Amarillo appears to have such a Little League Mom who took it upon herself — allegedly — to tell a high school varsity coach how to do her job. The coach didn’t like it. So she quit a seriously good job as head coach of the Amarillo High School volleyball team, one of the most vaunted such programs in Texas.

I am referring, of course, to young Kori Clements, a 2006 AHS grad who took over for a legendary coach, Jan Barker, who retired at the end of the previous season.

I truly don’t know everyone’s side of this story. I only have read Clements’ resignation letter. She claims the parent of one of her athletes harassed her because the coach wasn’t playing the parent’s daughter enough. Clements argued in her resignation letter that she always seeks to put the best athletes she has on the floor. The object, of course, is to win volleyball matches.

Maybe the community will hear the other side of it, if there’s another side worth telling. I understand that the Amarillo Independent School District athletic community is all riled up over this resignation. The school district has put Clements on temporary “administrative leave,” meaning she’ll get paid even though she’s no longer coaching.

This kind of story can get ugly. I hope it doesn’t regress to the point of sheer ugliness. We’re venturing back to Amarillo this week for a brief visit. Thus, I plan to attend the AISD board meeting Tuesday night. I want to see this matter play out from a ringside seat.

If the parent in question is the person generally believed to be involved in this mess, then the individual might have some serious explaining to do, given her position in the school community.

Make no mistake about this point, too: Disputes involving adults — parents and coaches — almost always inflict their share of collateral damage.

I refer to the children. So very sad.

Amarillo is showing how it is so ‘tightly bound’

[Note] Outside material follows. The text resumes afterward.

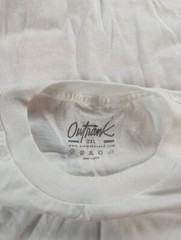 Outrank T-Shirt Men’s 2XL White Graphic Print Moving Fast NWT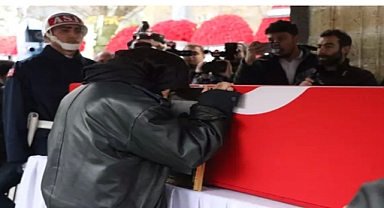 Şehit eşini, üniforması ile son yolculuğuna uğurladı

The beans apparently have been spilled over the identity of the parent who harassed Amarillo High School girls volleyball coach Kori Clements enough to make her quit a plum coaching job after just one season.

Renee McCown, that would be you. Or so it appears.

Oh, brother. This is likel to get ugly. You see, McCown is a member of the Amarillo Independent School District Board of Trustees. It’s bad enough that a meddlesome parent would feel the need to hassle and harass a coach over the decisions the coach makes about giving her athletes playing time. Coach Clements quit because the parent griped incessantly that her daughter wasn’t getting time on the floor during volleyball matches.

The school board is meeting Tuesday. The chatter I’m getting from afar is that many in the community are outraged over the treatment of the coach. The outrage deepens because the person responsible for the messy treatment happens — allegedly — to be someone who most certainly should know better.

That the source of the harassment would be a school board trustee makes this matter even worse than it otherwise would be.

Every now and then you hear about elected officials meddling in administrative matters or worse, in the work of employees who report to the administrators. At City Hall, you might get a council member interfering in, say, police work, going over the head of the city manager and the chief of police. Don’t misunderstand: I am not saying that has happened in Amarillo; I use that example merely to illustrate a point.

School trustees make a single hire: that would be the superintendent. As chief administrator, the superintendent hires all the administrative staffers who report directly to the top person.

In the military, they call it the “chain of command.” One does not dare break that chain by going over and around the people who are responsible for those under their direct supervision.

If what I understand has happened in the relationship between an AISD school trustee and a highly respected high school volleyball coach is true, then we have a serious case of malfeasance — on the part of the trustee — on our hands.

One of two things ought to happen quickly. The trustee needs to apologize publicly and pledge to never interfere again. Or that person needs to resign from public office.